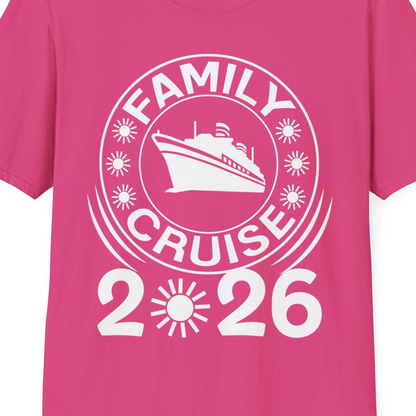 Family Cruise 2026 Shirt T-Shirt – Heliconia – Best Cruise Shirts Close Up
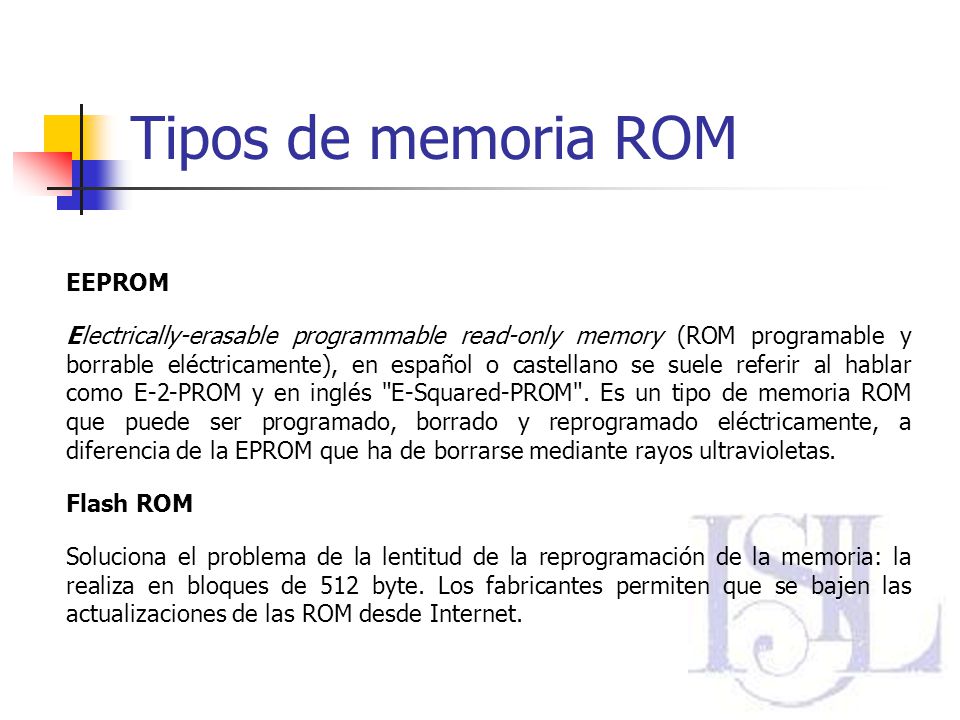 Tipos de memoria ROM EEPROM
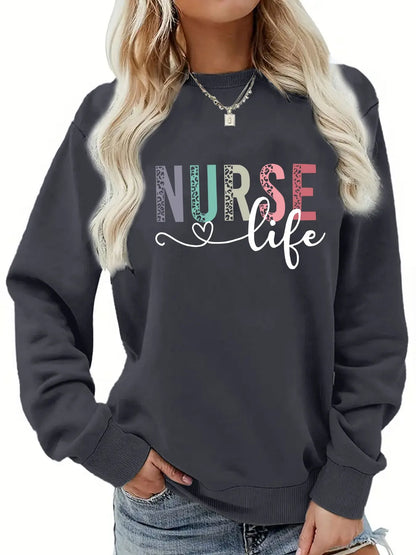 Felpa pullover da donna con stampa INFEZIONE casual, design geometrico, manica lunga, girocollo, lavabile in lavatrice, vestibilità regolare per l'autunno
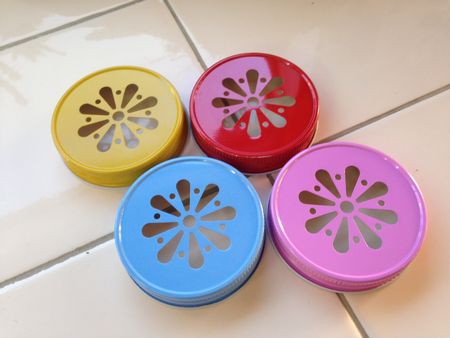 Mason Jar Lids, Colored メイソンジャー花の型抜きの蓋 MASON JAR BALL マグカップ メイソンジャー 蓋 ストロー フタ ふた 【ネコポス】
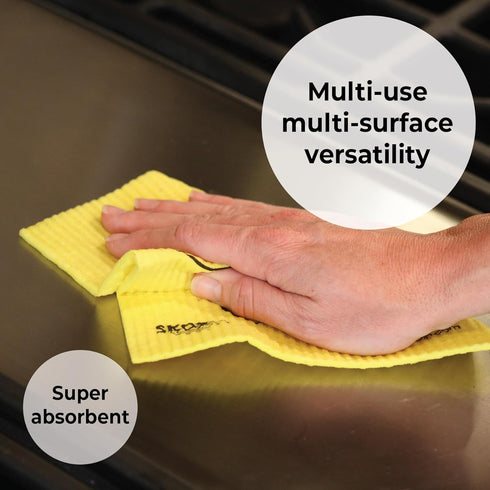 Skoy Cloth, 4-pack Swedish Dishcloths for Kitchen Use, Reusable Cleaning Cloths, White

--

• [What is being asked]: Omitting all pictures, reproduce the records above in their entirety.

• [Completed exercise]:
 Family Cruise 2026 Shirt T-Shirt – Heliconia – Best Cruise Shirts Close Up
 Tipos de memoria ROM EEPROM
 Felpa pullover da donna con stampa INFEZIONE casual, design geometrico, manica lunga, girocollo, lavabile in lavatrice, vestibilità regolare per l'autunno
 Mason Jar Lids, Colored メイソンジャー花の型抜きの蓋 MASON JAR BALL マグカップ メイソンジャー 蓋 ストロー フタ ふた 【ネコポス】
 Skoy Cloth, 4-pack Swedish Dishcloths for Kitchen Use, Reusable Cleaning Cloths, White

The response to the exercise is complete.